Ford Motor Company’s restructuring is on track to be completed without the carmaker seeking emergency government bridge loans and to bring a profit as soon as 2011, executives have told shareholders.
Ford shareholders also approved the company’s funding plan for a healthcare trust for UAW retirees and knocked down shareholder requests to change the voting structure and allow a smaller percentage of stockholders to call for special meetings.
The annual meeting here came just two weeks after Chrysler LLC filed for bankruptcy protection and amid industry-wide concerns that rival General Motors could follow Chrysler into court within weeks.
Ford Executive Chairman Bill Ford said the industry environment was the toughest he had seen in his three decades in the business, but he remains confident of the carmaker’s restructuring plan.
“Much of the tremendous progress we have made has been overshadowed by the economic crisis of historic proportions that began last year,” he told shareholders. “We are undergoing the most rapid and far-ranging transformation in our history.”
CEO Alan Mulally said Ford remained committed to matching capacity worldwide to demand and would continue a multi-year program of dealership consolidations in urban areas.
“We are confident that we will not only survive this downturn, but that we will emerge as a lean, globally integrated company poised for long-term profitable growth,” Mr Mulally said, adding that the carmaker was on track to be at or above break-even in 2011 excluding special items.

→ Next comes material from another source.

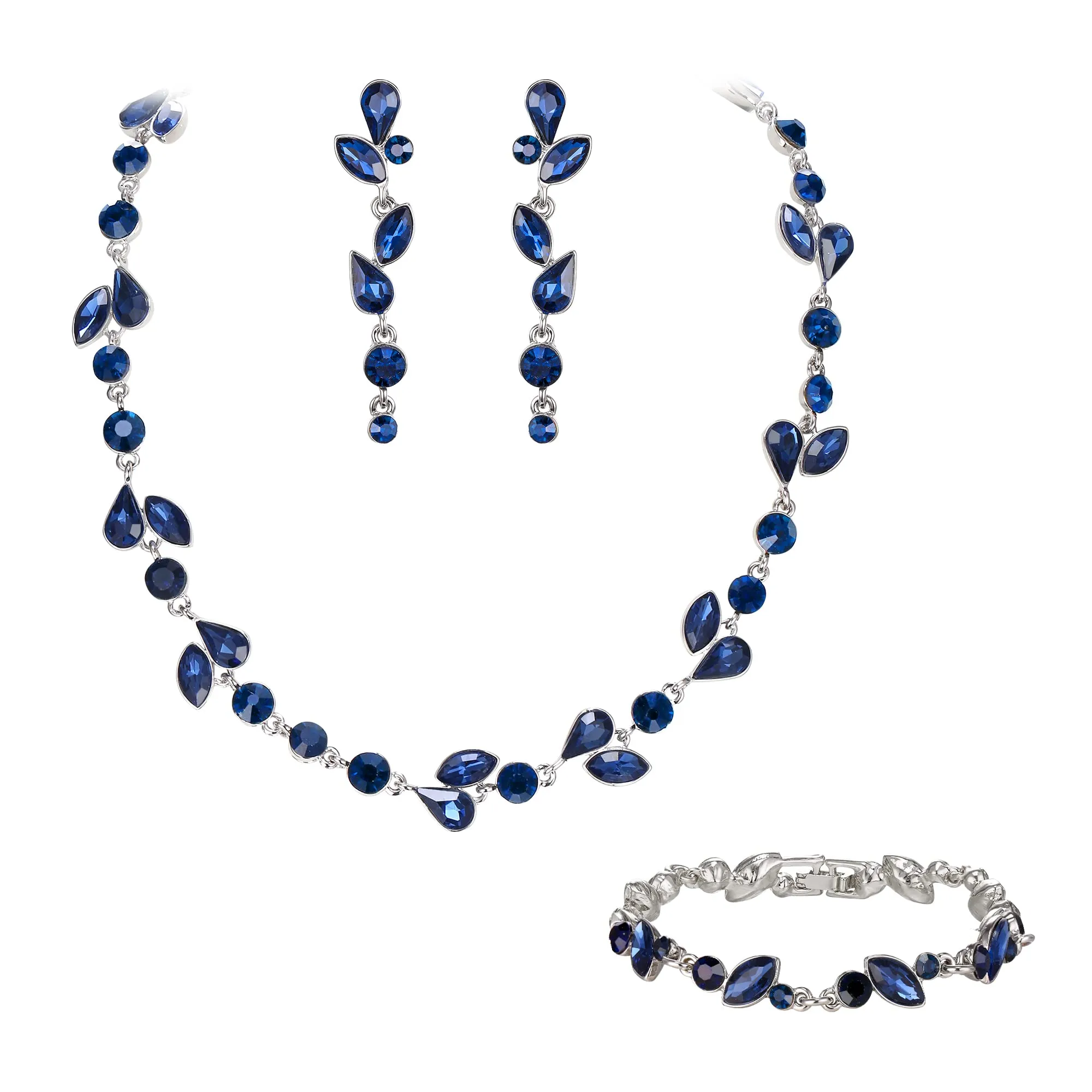 EVER FAITH Set Gioielli per Sposa con Cristalli Zaffiro Blu e Argento, Collana, Orecchini e Bracciale - immagine 1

Ford is the only US carmaker not operating under US government emergency loans and expects to be able to steer clear of the industry collapse now swallowing GM and Chrysler as long as that process is orderly.
The carmaker’s stock was up 36 cents, or 7.3 per cent, at US$5.32 on the New York Stock Exchange after the annual meeting, which attracted 98 Ford shareholders, up from 56 last year.
Ford posted a company record net loss of US$14.7 billion in 2008 and losses have totalled US$30 billion over the past three full years. It posted a first-quarter net loss of US$1.43 billion.
US industry analysts see the Ford debt restructuring, the union agreements and the carmaker’s ability to issue more stock as signs that it could make it through the industry downturn and out the other side without seeking government emergency loans.
The company has completed a debt restructuring, raised US$1.6 billion in cash from a stock offering and reached a deal with the UAW to cut labor costs and reduce its cash obligations to a union retiree healthcare trust.
On the sales front, Ford has seen its US retail market share stabilize over the last several months, albeit with the industry sales running at a roughly 27-year low.